Investor khawatir bahwa resesi global yang membayangi harus membuang mata uang negara berkembang dan menimbun franc Swiss, dolar Singapura, dolar AS, dan yen Jepang, menurut JPMorgan Chase & Co. (JPM).
Beberapa komentator keuangan telah memperingatkan bahwa risiko perang perdagangan global meningkat dan bahwa pergantian peristiwa ini dapat mendorong AS dan ekonomi global ke dalam resesi. Dalam catatan penelitian, yang dilaporkan oleh Bloomberg, analis di bank menanggapi peringatan ini dengan memeriksa tren historis selama lima resesi terakhir untuk menentukan mata uang mana yang terbaik untuk dimiliki ketika aktivitas ekonomi menurun secara signifikan.
JPMorgan menggambarkan pembicaraan tentang resesi sebagai "prematur, " namun mengakui bahwa sekarang adalah saat yang tepat untuk meninjau rencana darurat, mengingat bahwa ketegangan perdagangan antara ekonomi terkemuka dunia meningkat.
Lindung Nilai Resesi
"Resesi terjadi ketika kreditor meminta uang mereka kembali, " tulis analis JPMorgan dalam catatan di mana mereka mengidentifikasi franc Swiss, dolar Singapura, dolar AS, dan yen Jepang sebagai lindung nilai resesi terbaik. "Tiga dari empat mata uang teratas untuk dimiliki selama resesi adalah negara-negara yang memiliki posisi eksternal yang sangat kuat."
Dari empat mata uang yang dilukiskan para analis sebagai lindung nilai resesi, mereka sangat bullish tentang dolar AS. Greenback, kata mereka, adalah mata uang pendanaan default dunia, yang berarti bahwa seluruh dunia harus membeli dolar AS ketika bank dan perusahaan melakukan deleverage.
Dolar AS telah terapresiasi dalam beberapa bulan terakhir karena ketegangan perdagangan meningkat, dan JPMorgan yakin bahwa mata uang akan terus mengungguli dalam lingkungan saat ini.

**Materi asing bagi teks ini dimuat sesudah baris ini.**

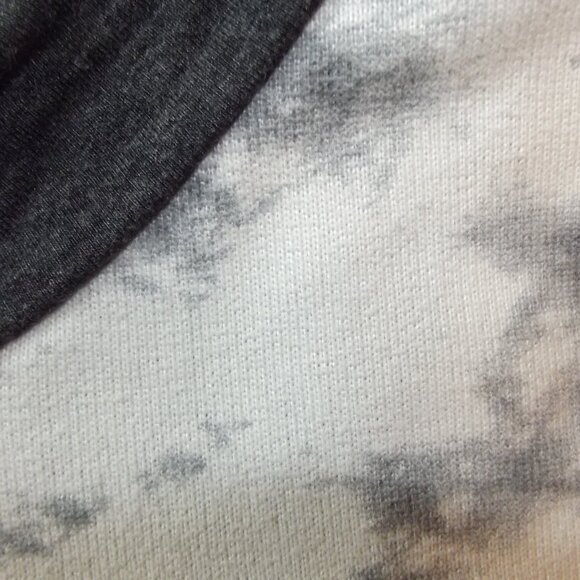 Gently Used Sweet Lovely Boutique Jersey 1XL - Picture 4 of 4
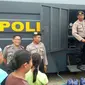 Water canon polisi biasanya dikerahkan untuk mengatasi massa saat berunjuk rasa. (Liputan6.com/Fajar Eko Nugroho)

Menurut JPMorgan, yen saat ini adalah lindung nilai termurah karena nilai tukarnya, setelah disesuaikan dengan inflasi relatif dan arus perdagangan, adalah 23% di bawah rata-rata 40 tahun. Para analis menambahkan bahwa mata uang itu dinilai terlalu tinggi 8% dari tiga resesi terakhir.
Dolar Singapura dianggap paling tidak menarik dari empat mata uang yang disebutkan.
Hindari Mata Uang Pasar Berkembang, Dolar Selandia Baru
Dalam catatan itu, mata uang negara berkembang digambarkan sangat rentan terhadap perlambatan ekonomi. Berdasarkan perhitungan JPMorgan, keranjang mata uang ini turun rata-rata sebesar 17 persen selama periode dua tahun yang dimulai pada awal resesi.
Analis juga memperingatkan bahwa beberapa mata uang G10 diketahui berjuang selama periode penurunan ekonomi global. Bank mengklaim bahwa dolar Selandia Baru adalah "sejauh" berkinerja terburuk, menambahkan bahwa mata uang kehilangan rata-rata 7% hingga 8% pada saat resesi.